> EXERCISE GOAL: Find every line in the records below that holds the word "Casual" and copy it.

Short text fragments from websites
::::::::::

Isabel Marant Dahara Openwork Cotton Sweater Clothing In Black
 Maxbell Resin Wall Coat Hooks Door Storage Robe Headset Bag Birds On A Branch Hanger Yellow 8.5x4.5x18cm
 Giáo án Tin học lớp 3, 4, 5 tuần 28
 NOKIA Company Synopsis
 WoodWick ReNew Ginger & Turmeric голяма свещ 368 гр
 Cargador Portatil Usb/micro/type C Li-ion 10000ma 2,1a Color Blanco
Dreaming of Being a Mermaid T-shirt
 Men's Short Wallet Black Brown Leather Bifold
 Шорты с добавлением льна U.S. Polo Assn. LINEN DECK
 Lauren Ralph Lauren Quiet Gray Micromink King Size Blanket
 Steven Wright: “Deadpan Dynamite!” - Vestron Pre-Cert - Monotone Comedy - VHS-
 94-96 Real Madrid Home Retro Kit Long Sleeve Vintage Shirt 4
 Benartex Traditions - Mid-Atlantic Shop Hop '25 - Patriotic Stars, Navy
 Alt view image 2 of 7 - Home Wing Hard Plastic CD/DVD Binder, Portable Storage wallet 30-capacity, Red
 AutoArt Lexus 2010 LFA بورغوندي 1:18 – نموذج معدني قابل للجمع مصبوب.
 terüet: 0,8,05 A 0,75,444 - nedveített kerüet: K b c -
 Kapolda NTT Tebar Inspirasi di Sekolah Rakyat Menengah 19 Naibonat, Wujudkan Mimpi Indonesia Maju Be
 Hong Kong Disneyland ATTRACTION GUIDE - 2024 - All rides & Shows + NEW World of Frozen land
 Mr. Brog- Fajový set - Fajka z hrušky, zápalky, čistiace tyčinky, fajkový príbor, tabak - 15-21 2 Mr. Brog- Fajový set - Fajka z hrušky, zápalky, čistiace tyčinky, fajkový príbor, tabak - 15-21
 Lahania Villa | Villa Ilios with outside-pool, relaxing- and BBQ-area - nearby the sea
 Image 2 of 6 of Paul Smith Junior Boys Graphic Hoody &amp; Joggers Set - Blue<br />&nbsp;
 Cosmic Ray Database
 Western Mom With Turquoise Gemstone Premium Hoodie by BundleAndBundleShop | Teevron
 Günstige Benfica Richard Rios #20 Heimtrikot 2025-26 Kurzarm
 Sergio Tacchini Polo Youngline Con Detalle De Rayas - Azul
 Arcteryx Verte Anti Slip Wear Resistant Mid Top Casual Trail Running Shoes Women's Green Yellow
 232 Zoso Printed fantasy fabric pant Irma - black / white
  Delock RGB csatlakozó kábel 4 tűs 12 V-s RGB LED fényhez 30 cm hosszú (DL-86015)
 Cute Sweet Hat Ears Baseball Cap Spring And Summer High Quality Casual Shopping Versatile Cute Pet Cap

::::::::::

> RESPONSE TO THIS TASK:
 Arcteryx Verte Anti Slip Wear Resistant Mid Top Casual Trail Running Shoes Women's Green Yellow
 Cute Sweet Hat Ears Baseball Cap Spring And Summer High Quality Casual Shopping Versatile Cute Pet Cap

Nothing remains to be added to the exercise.